DESCRIPTION OF THE TASK:
Every entry must be repeated exactly in the answer.

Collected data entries

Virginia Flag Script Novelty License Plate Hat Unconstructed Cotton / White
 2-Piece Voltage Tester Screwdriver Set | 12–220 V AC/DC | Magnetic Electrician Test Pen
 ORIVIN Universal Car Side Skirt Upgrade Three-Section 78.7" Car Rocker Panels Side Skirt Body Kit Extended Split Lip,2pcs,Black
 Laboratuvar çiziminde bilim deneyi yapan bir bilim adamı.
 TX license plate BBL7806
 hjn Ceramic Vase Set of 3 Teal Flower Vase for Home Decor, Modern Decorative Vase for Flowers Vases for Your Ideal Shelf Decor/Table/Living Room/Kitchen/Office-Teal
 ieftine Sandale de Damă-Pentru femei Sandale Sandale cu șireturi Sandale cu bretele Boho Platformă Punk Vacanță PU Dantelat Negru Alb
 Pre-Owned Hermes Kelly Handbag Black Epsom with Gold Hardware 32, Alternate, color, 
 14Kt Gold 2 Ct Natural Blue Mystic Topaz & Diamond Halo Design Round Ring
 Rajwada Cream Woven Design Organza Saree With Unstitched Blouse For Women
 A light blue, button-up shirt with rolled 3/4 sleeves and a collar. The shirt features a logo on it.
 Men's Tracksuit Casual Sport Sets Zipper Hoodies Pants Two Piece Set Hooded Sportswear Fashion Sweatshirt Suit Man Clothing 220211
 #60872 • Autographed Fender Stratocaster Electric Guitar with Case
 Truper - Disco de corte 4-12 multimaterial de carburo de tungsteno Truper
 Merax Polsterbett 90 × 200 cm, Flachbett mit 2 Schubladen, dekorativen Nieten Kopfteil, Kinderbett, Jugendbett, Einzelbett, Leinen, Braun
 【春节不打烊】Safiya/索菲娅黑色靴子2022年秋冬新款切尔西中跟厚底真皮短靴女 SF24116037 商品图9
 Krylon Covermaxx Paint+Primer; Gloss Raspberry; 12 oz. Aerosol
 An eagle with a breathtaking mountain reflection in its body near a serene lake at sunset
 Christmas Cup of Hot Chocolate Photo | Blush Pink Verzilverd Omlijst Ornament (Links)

SOLVED EXERCISE:
Virginia Flag Script Novelty License Plate Hat Unconstructed Cotton / White
 2-Piece Voltage Tester Screwdriver Set | 12–220 V AC/DC | Magnetic Electrician Test Pen
 ORIVIN Universal Car Side Skirt Upgrade Three-Section 78.7" Car Rocker Panels Side Skirt Body Kit Extended Split Lip,2pcs,Black
 Laboratuvar çiziminde bilim deneyi yapan bir bilim adamı.
 TX license plate BBL7806
 hjn Ceramic Vase Set of 3 Teal Flower Vase for Home Decor, Modern Decorative Vase for Flowers Vases for Your Ideal Shelf Decor/Table/Living Room/Kitchen/Office-Teal
 ieftine Sandale de Damă-Pentru femei Sandale Sandale cu șireturi Sandale cu bretele Boho Platformă Punk Vacanță PU Dantelat Negru Alb
 Pre-Owned Hermes Kelly Handbag Black Epsom with Gold Hardware 32, Alternate, color, 
 14Kt Gold 2 Ct Natural Blue Mystic Topaz & Diamond Halo Design Round Ring
 Rajwada Cream Woven Design Organza Saree With Unstitched Blouse For Women
 A light blue, button-up shirt with rolled 3/4 sleeves and a collar. The shirt features a logo on it.
 Men's Tracksuit Casual Sport Sets Zipper Hoodies Pants Two Piece Set Hooded Sportswear Fashion Sweatshirt Suit Man Clothing 220211
 #60872 • Autographed Fender Stratocaster Electric Guitar with Case
 Truper - Disco de corte 4-12 multimaterial de carburo de tungsteno Truper
 Merax Polsterbett 90 × 200 cm, Flachbett mit 2 Schubladen, dekorativen Nieten Kopfteil, Kinderbett, Jugendbett, Einzelbett, Leinen, Braun
 【春节不打烊】Safiya/索菲娅黑色靴子2022年秋冬新款切尔西中跟厚底真皮短靴女 SF24116037 商品图9
 Krylon Covermaxx Paint+Primer; Gloss Raspberry; 12 oz. Aerosol
 An eagle with a breathtaking mountain reflection in its body near a serene lake at sunset
 Christmas Cup of Hot Chocolate Photo | Blush Pink Verzilverd Omlijst Ornament (Links)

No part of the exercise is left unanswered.